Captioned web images
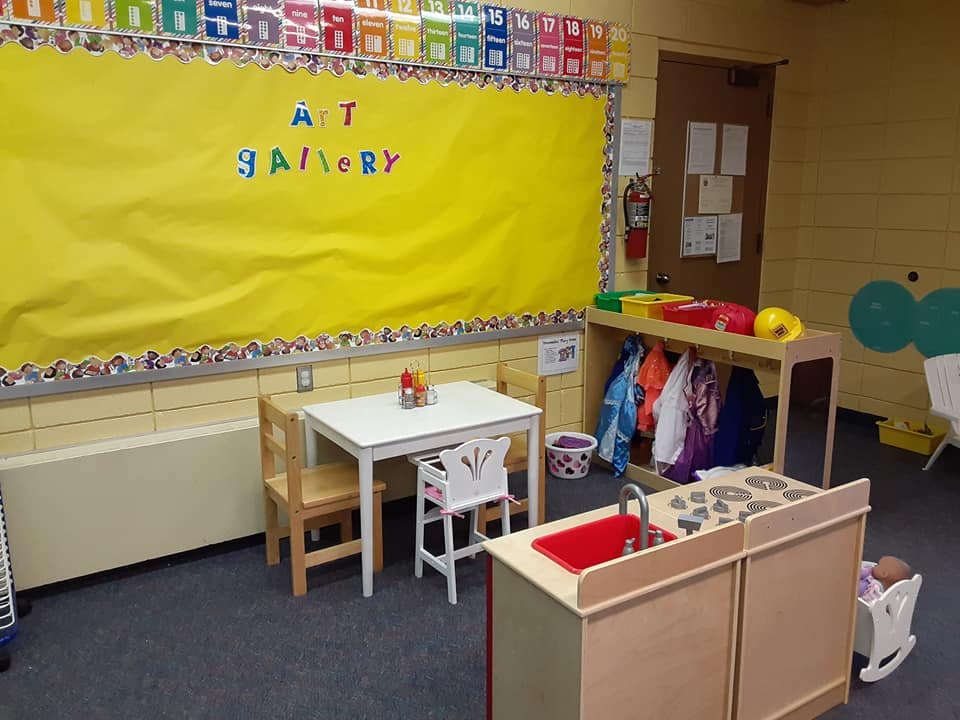 Classroom with small table and chairs, play kitchen, and dress-up clothes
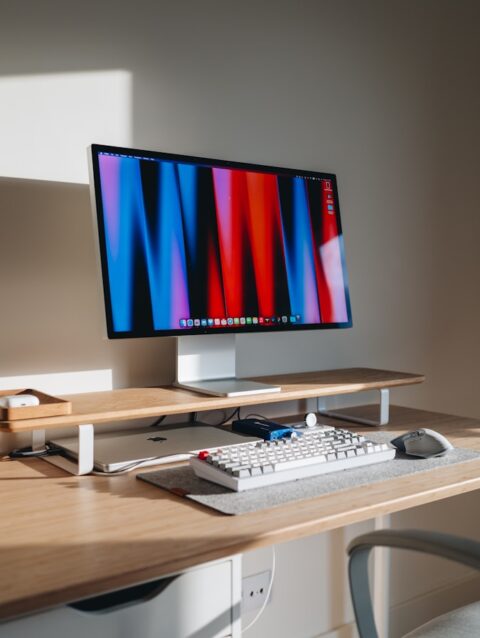 A computer desk with a monitor and keyboard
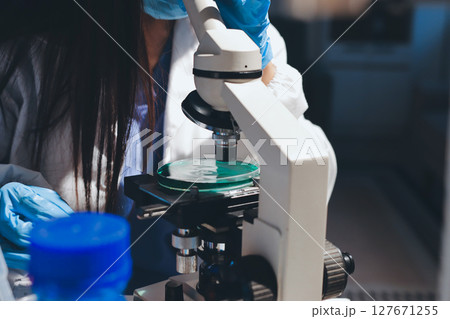 Scientist pipetting medical samples into microplate in laboratory Scientist pipetting medical samples into microplate in laboratory 127671255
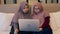 Two young muslim woman watch video on laptop in the bedroom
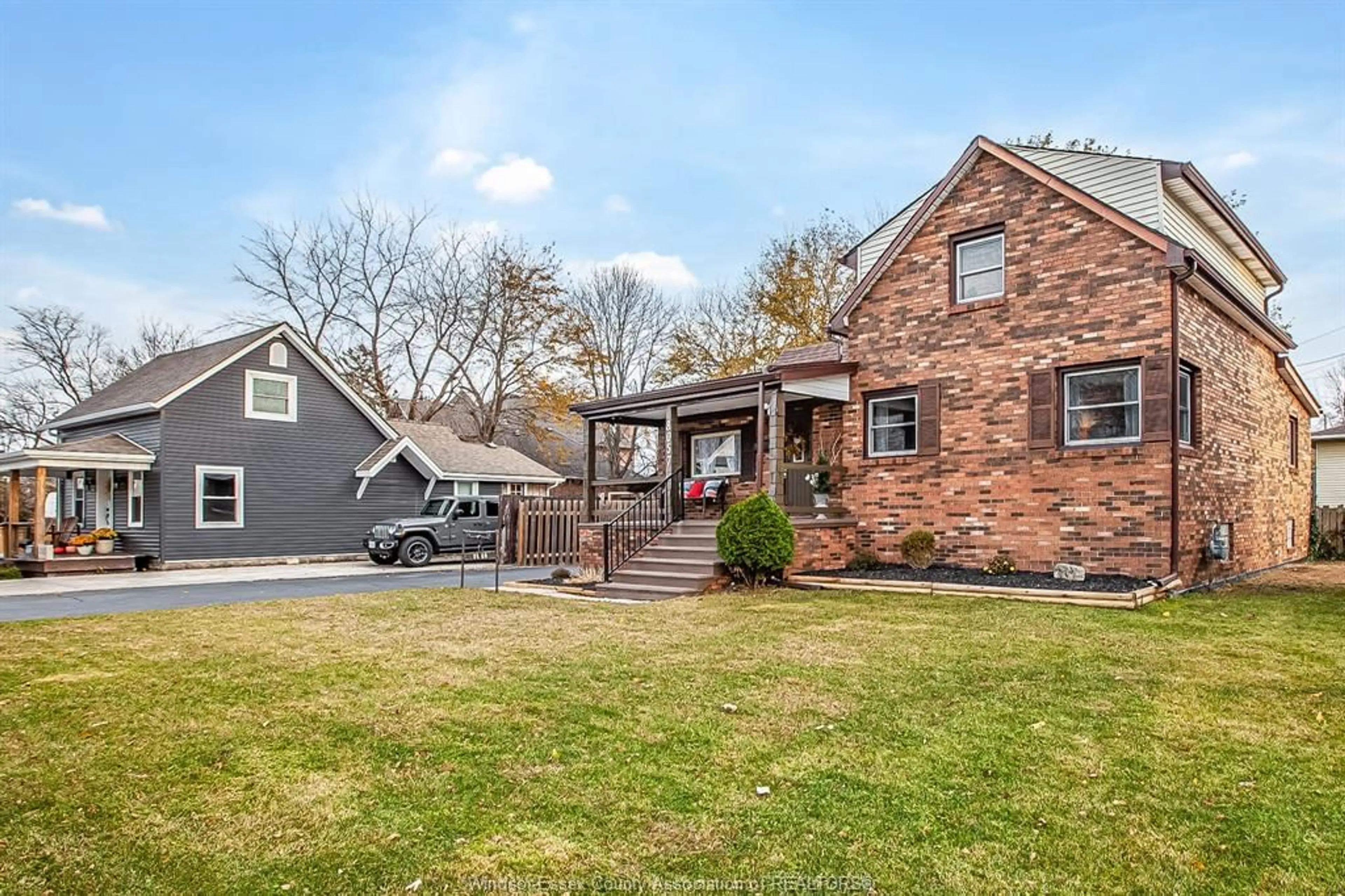 Home with brick exterior material, street for 8057 RIVERSIDE Dr, Windsor Ontario N8S 1E5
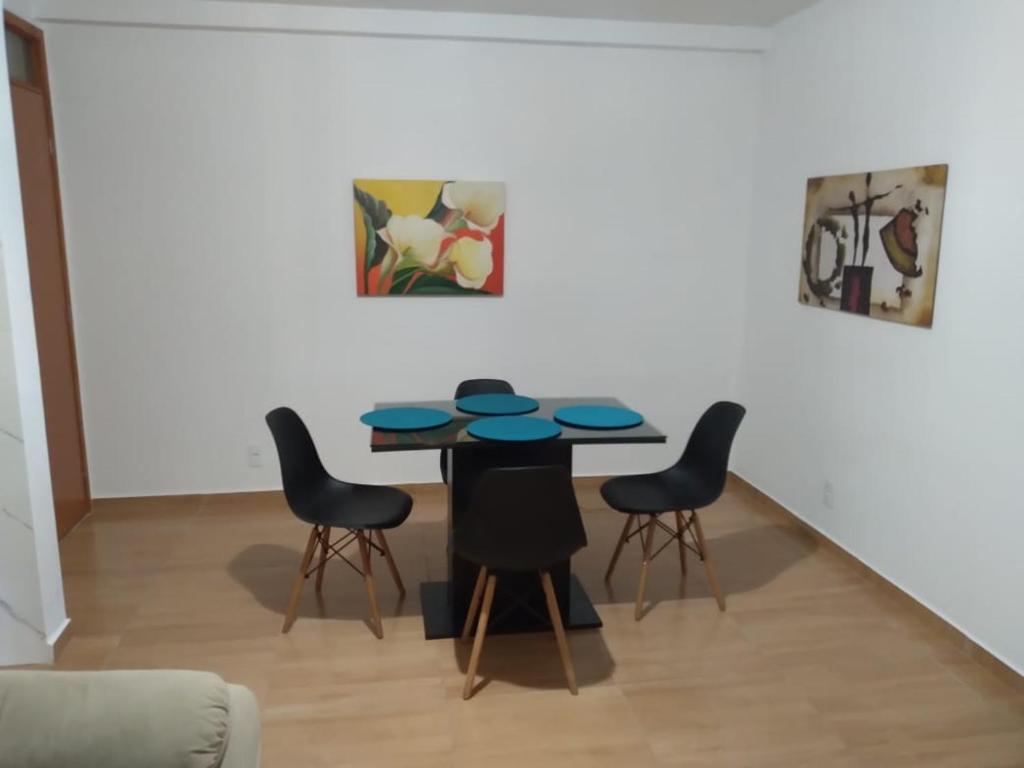 Apartamento 3/4, 1 suíte Vog Atlântico في ايليوس: غرفة طعام مع طاولة وأربعة كراسي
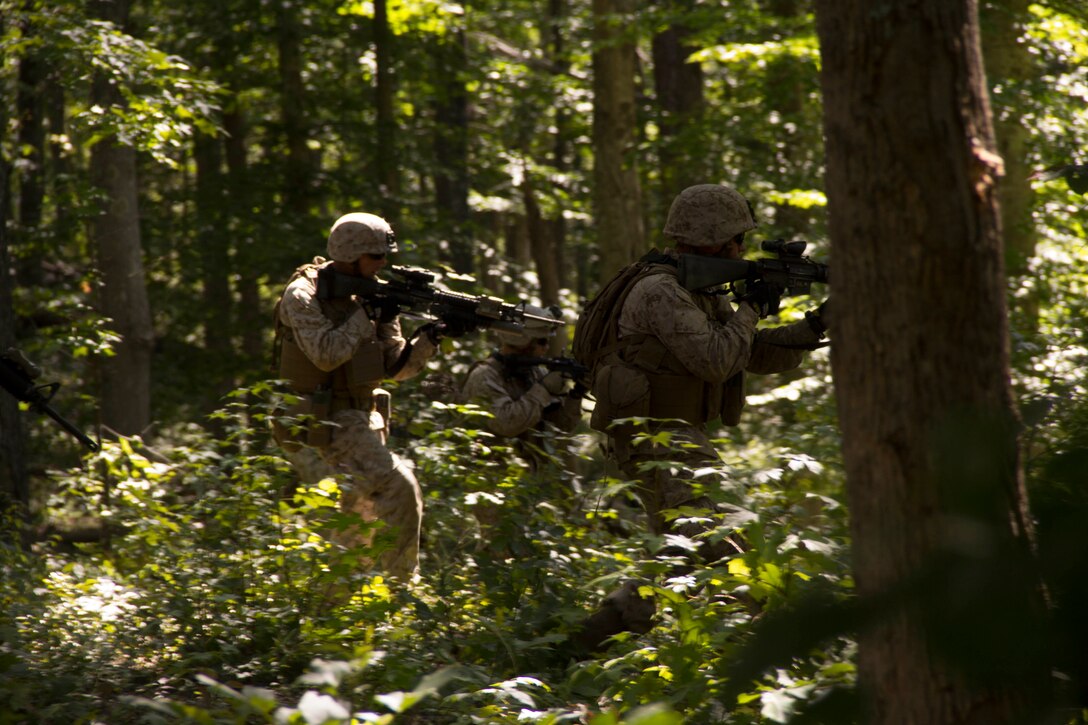 Marines with 2nd Squad, 2nd Platoon, Company K, Battalion Landing Team (BLT) 3/2, 26th Marine Expeditionary Unit (MEU), run a squad assault course at Fort Pickett, Va., Sept. 11, 2012. This training is part of the 26th MEU's pre-deployment training program. BLT 3/2 is one of the three reinforcements of 26th MEU, which is slated to deploy in 2013.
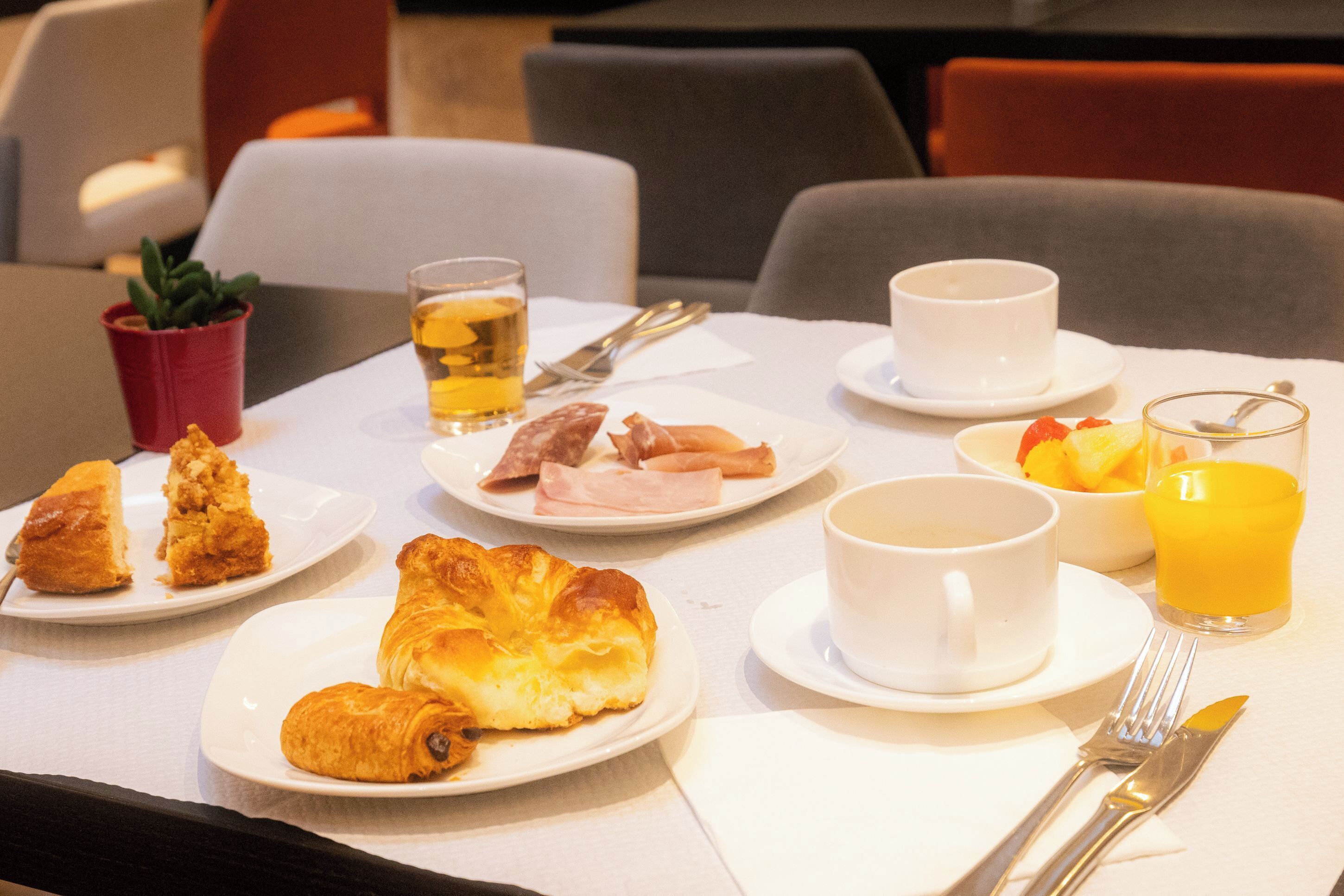 Une table dressée pour le petit-déjeuner, avec des assiettes de viennoiseries, des fruits et des boissons.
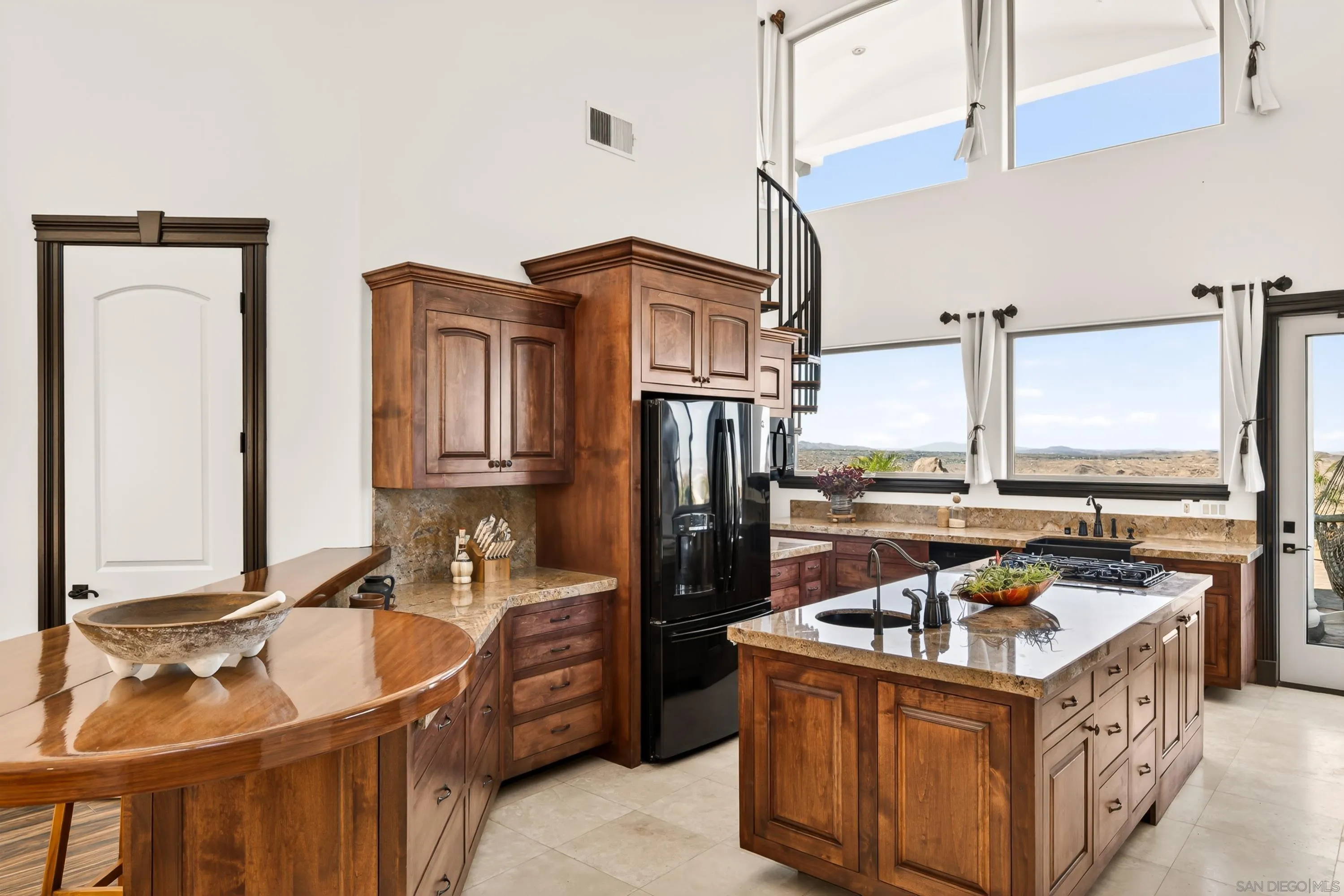 8022 Wesley Road Joshua Tree, CA 92252 - Photo 31 of 69 a kitchen with a stove sink and refrigerator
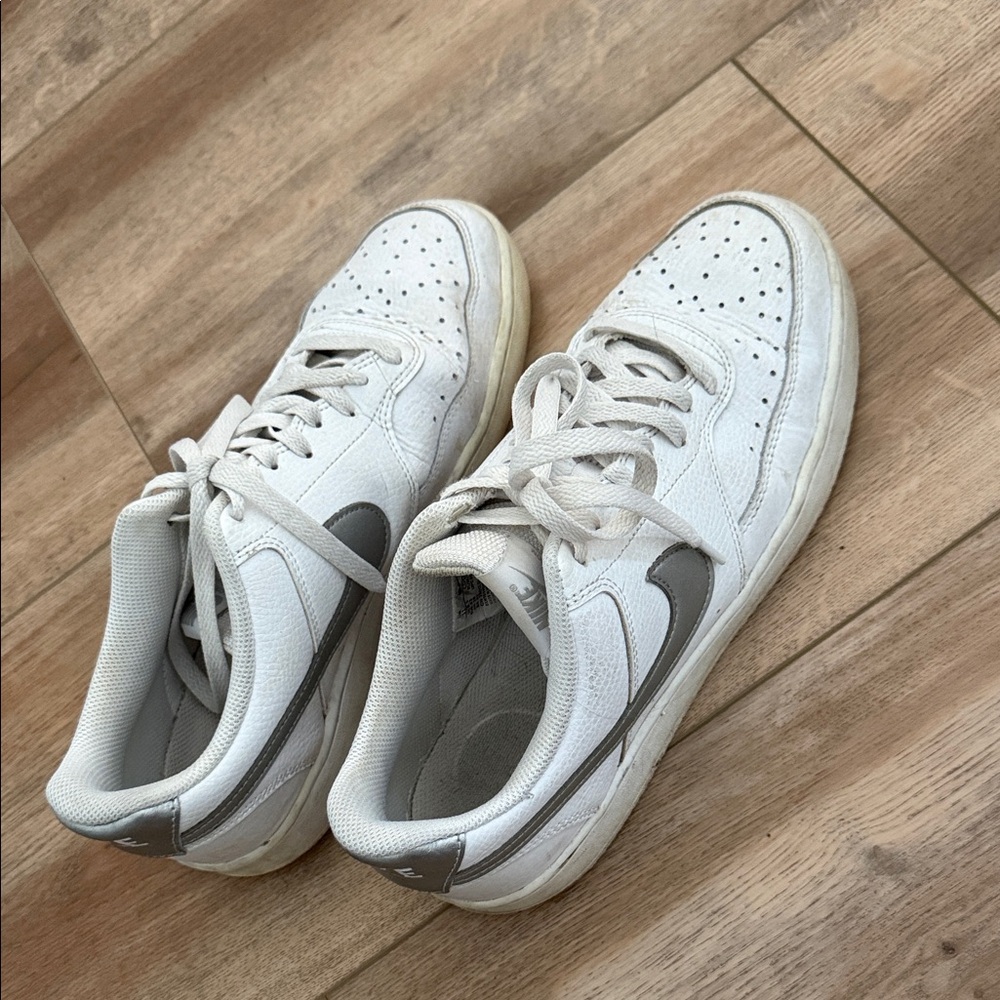 Nike White Low-Top Sneakers with Gray Swoosh and Heel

• DESCRIPTION OF THE TASK
Set down exactly and only the lines from the start of the entries above through the line containing "Home with brick", both ends included, omitting the pictures.

• ANSWER AREA
 Classroom with small table and chairs, play kitchen, and dress-up clothes
 A computer desk with a monitor and keyboard
 Scientist pipetting medical samples into microplate in laboratory Scientist pipetting medical samples into microplate in laboratory 127671255
 Two young muslim woman watch video on laptop in the bedroom
 Home with brick exterior material, street for 8057 RIVERSIDE Dr, Windsor Ontario N8S 1E5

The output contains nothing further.